My mouth opened and a shaky voice emitted from me.
“Hello, my name is Elizabeth C. and I shall be singing the song ‘Shy.’” God, how did I manage to say anything? Despite the rules of beginning and ending an audition, I had seriously doubted that I could conjure any words from my mouth. The music started and before I could run away or hide or react in any way, my voice lifted into song.
Instantly the stage, the many faces, and my fear dissolved like salt in water. What was going on? The petrified girl, who spent hours attempting to pull herself together in order to impress the director, was gone. Like a phoenix born from the ashes, in one incredible moment, I emerged as the lead character Winifred, alone on the stage, facing an awestruck audience, and singing my heart out as if I was born to do so. Exhilarated, I lifted my voice louder and higher, raising my spirits as well. I heard myself sing the very words I dreaded for the past hour, and I became one with the song, for at that moment, the stage was my realm.

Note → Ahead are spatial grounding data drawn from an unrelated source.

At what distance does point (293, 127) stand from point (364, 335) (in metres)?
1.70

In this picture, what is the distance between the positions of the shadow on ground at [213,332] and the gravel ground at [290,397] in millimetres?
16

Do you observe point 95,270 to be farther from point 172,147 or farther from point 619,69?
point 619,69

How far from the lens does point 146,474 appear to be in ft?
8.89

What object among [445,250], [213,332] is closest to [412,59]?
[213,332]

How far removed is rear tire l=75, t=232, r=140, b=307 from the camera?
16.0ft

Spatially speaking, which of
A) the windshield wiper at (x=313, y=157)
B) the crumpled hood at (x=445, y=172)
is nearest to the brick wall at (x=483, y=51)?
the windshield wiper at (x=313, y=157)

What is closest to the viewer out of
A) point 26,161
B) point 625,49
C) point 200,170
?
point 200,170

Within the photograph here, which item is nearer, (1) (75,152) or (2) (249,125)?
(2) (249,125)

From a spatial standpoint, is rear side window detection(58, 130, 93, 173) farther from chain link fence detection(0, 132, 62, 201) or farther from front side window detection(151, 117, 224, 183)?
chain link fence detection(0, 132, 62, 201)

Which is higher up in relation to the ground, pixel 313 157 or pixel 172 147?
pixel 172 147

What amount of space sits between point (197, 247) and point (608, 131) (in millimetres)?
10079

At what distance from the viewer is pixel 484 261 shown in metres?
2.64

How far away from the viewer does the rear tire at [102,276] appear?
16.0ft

I was the first one in my family to do this, the only one brave enough to perform in front of a group of people. I felt like I could do anything in that moment, that I could actually be the star of the play and make my family proud. I thought that this was what I wanted, to grow as an actress and perform in plays for many years to come, but there was so much more than that, so much that my heart couldn’t understand . . .
At last I finished. For another instant, I felt my shining moment hover above me, a shield of elation only to melt away when reality set back into me.

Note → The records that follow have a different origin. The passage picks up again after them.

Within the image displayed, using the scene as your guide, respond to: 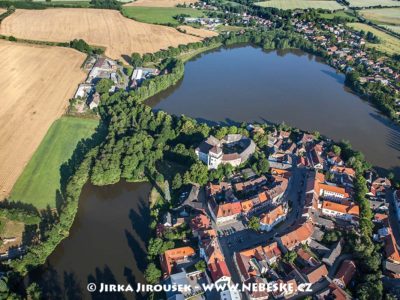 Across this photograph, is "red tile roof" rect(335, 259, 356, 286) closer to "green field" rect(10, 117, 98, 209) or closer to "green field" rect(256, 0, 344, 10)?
"green field" rect(10, 117, 98, 209)

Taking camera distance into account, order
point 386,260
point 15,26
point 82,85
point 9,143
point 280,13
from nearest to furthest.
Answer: point 386,260 < point 9,143 < point 82,85 < point 15,26 < point 280,13

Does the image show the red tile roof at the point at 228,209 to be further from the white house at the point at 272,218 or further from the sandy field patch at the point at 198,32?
the sandy field patch at the point at 198,32

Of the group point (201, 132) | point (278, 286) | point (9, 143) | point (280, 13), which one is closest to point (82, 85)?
point (9, 143)

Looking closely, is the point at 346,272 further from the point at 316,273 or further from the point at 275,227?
the point at 275,227

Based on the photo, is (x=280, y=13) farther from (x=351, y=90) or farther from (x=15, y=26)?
(x=15, y=26)

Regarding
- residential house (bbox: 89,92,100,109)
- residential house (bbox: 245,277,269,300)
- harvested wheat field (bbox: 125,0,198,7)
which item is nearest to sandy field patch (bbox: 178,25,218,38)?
harvested wheat field (bbox: 125,0,198,7)

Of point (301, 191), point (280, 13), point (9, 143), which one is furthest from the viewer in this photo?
point (280, 13) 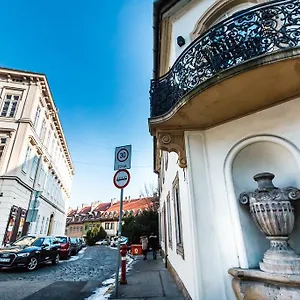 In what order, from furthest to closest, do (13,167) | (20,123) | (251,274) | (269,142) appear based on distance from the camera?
(20,123)
(13,167)
(269,142)
(251,274)

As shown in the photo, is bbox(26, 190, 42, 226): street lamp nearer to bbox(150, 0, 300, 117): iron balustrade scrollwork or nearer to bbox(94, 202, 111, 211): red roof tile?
bbox(150, 0, 300, 117): iron balustrade scrollwork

“Scene. Thank you,” I gasped, relieved I had enough sense to slate, or conclude, my performance properly. As I hurried down the steps to my sanctuary – my seat in the house – it dawned on me that my fear had returned. Although it was much easier to cope with it sitting down, the familiar enemy still dug and chewed into my stomach. Silence gripped the theater, even though I knew it was due to the rules, not my performance. The quiet was as ominous as an accused awaiting its jury to return to court and state the verdict.

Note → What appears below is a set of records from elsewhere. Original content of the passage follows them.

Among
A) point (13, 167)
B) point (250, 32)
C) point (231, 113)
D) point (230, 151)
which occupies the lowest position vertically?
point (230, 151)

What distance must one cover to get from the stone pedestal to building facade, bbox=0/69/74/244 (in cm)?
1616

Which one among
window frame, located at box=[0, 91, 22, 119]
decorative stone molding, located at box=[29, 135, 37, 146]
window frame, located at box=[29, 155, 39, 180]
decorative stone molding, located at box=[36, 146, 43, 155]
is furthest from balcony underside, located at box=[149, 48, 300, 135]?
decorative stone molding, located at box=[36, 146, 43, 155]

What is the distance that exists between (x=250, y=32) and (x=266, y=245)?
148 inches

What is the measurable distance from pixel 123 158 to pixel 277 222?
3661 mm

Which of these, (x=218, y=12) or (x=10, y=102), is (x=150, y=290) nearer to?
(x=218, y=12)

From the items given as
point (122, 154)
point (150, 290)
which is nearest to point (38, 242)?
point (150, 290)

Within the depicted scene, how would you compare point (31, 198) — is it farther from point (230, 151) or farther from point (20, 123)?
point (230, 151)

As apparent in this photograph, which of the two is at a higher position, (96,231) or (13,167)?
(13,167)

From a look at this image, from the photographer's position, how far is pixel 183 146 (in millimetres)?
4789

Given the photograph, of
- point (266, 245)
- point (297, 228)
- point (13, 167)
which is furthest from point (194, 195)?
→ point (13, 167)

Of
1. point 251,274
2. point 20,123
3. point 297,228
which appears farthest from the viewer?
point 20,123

I closed my eyes to savor my freedom as the auditions moved on past me. New songs sung by new actors flew by like leaves blowing in the wind. All were unimportant to me. I had finished the worst, and now there was tomorrow to look forward to. When we did see the results on the cast list, I remembering feeling relief when my name was next to an ensemble character, despite my fleeting confident attitude during my audition. I had done it. That’s all that mattered. Not my placement on the cast list, but the experience that forever left a mark on my soul.